Several transition metal dichalcogenides (TMDs) that are active for electrochemical nitrogen reduction (e-NRR) remain underexplored, particularly regarding the correlation between their surface electronic states and e-NRR activity. For example, π-backdonation supposedly occurs in the associative e-NRR at the V2+ active sites in vanadium sulfides (VSx); but the hypothesis was not experimentally validated with the reaction-oriented surfaces remained under debate (V2+ vs V4+).

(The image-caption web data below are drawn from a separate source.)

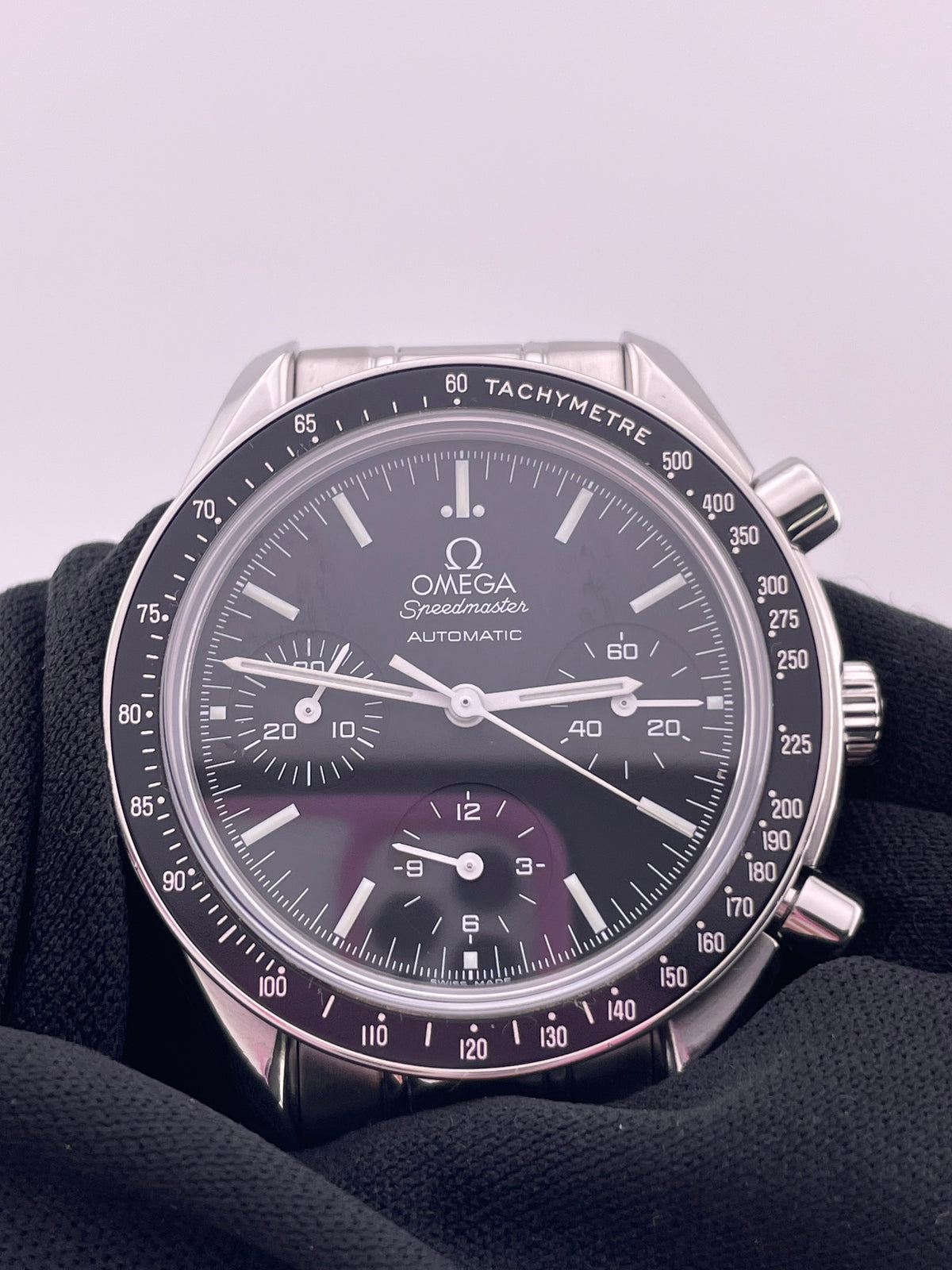 Omega Speedmaster Black Dial on Stainless Steel Bracelet Ref. 3539.5 Card Open Date — view 3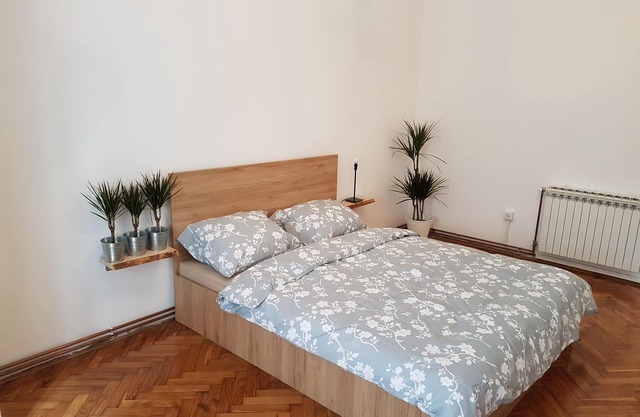 New 4BR, 130m2 ground floor, super central, quiet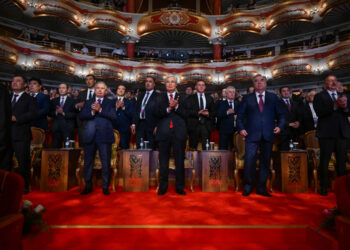 Орталық Азия елдері мен Әзербайжанның мемлекеттер басшылары «Достық кеші» гала-концертін тамашалады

To resolve these issues, we synthesized several metal sulfides, including VSx specimens with controlled oxidation states and studied the effects of electronic structure modulation on the e-NRR activity. The incorporation of Cu into VSx resulted in enhanced e-NRR activity (131.24 μg mgcat–1 h–1 or 0.62 mA cmgeo–2 in 0.5 M Na2SO4, pH7), primarily owing to the increased V2+ content (51%) and improved binding of e-NRR intermediates through π-backdonation. This π-backdonation-induced enhancement of e-NRR activity was further observed in other transition metal sulfides, including Cu, Ni, Co, and Mn sulfides. Our findings underscore the significance of enabling electric charge control of catalysts and establish a foundation for further enhancing e-NRR activity.